In fact, the NGT are so simple and inexpensive that even
medium-sized companies can benefit from them. The Federal Association of German
Plant Breeders (bdp) is therefore in favor of the new EU rules - but against
patents on seeds. Because more of such protected traits could result in
breeders being denied access to genetic material, which is actually a public
good. "This development threatens to slow down breeding progress, narrow
genetic diversity and increase dependency on licensors," says the bdp.
This also threatens new power, new concentration, monotony.

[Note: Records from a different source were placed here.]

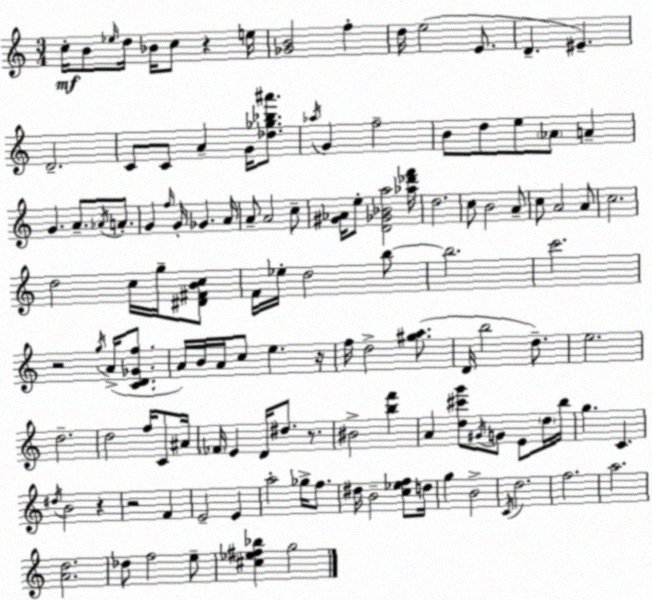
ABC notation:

X:1
T:Untitled
M:3/4
L:1/4
K:Am
c/4 B/2 _e/4 d/4 _B/4 c/2 z e/4 [_GB]2 f d/4 e2 E/2 D ^E D2 C/2 C/2 A G/4 [_d_g_b^a']/2 _a/4 G f2 B/2 d/2 e/2 _A/2 A G A/2 _A/4 A/2 G f/4 G/4 _G A/4 A/2 A2 c/2 [^G_A]/4 e/2 [D_G_Ba]2 [_a_d'f']/4 d2 c/2 B2 A/2 c/2 A2 A/2 c2 d2 c/4 g/4 [^D^FBc]/2 F/4 _e/4 d2 b/2 b2 c'2 z2 g/4 A/4 [CD_Gf]/2 A/4 B/4 A/4 c/2 e z/4 f/4 d2 [^ga]/2 D/4 b2 d/2 e2 d2 d2 f/4 C/2 ^A/4 _F/4 E D/4 ^d/2 z/2 ^B2 [bf'] A [d^c'g']/2 ^G/4 G/2 E/2 d/4 b/4 g C ^d/4 B2 z z2 F E2 E a2 _g/4 f/2 ^d/4 B2 [c_ef]/2 d/4 g B2 C/4 d2 f2 a2 [Ad]2 _d/2 f2 e/2 [^c_e^f_b] g2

Seeds are the basis for diversity, and diversity creates not only ecological
stability but also a vibrant Europe of regions. A sixth contradiction emerges
here: on the one hand, the Commission wants to promote this Europe, but at the
same time, with its new rules on genetic engineering, it is massively
curtailing the influence of the member states. Because it gives itself
far-reaching powers to update genetic engineering legislation. Cultivation bans
that national governments have been able to enact so far would no longer be
permitted.
In the end, pressure from the EU could not advance anything
Will the member states put up with that? The next few months
will show whether the Commission's concept will find a majority in the Council
of Ministers. The signs point more towards controversy. The German Minister of
Agriculture, Cem Özdemir, has already announced that he also wants to support
NGT coexistence with organic farmers and non-GMO conventional farmers, as well
as "patent freedom" and the precautionary principle.
And the European
Parliament? EU Vice President Frans Timmermans is pushing for a positive vote
by trying to link genetic engineering regulation with that for the
"sustainable use of pesticides". The goal of only using half as many
agricultural poisons is already being negotiated and is being fought by the
conservative faction. That's why Timmermans put together a package solution: If
the conservatives should swallow the pesticide toad and allow the Greens and
Social Democrats to open up genetic engineering - then both projects in the EU
will get through as quickly as possible. But such a package is not only questionable
in substance, in the end there may be something completely different in it:
nothing. Because in the end both projects, pesticide and genetic engineering
rules, could fail.”
If NGT results replace chemicals that harm fungi and insects, then why do'nt NGT results harm us, humans? Even now, we do not understand why relatively young people started to get colon cancer very often. Does the EU want to prepare more such surprises for us?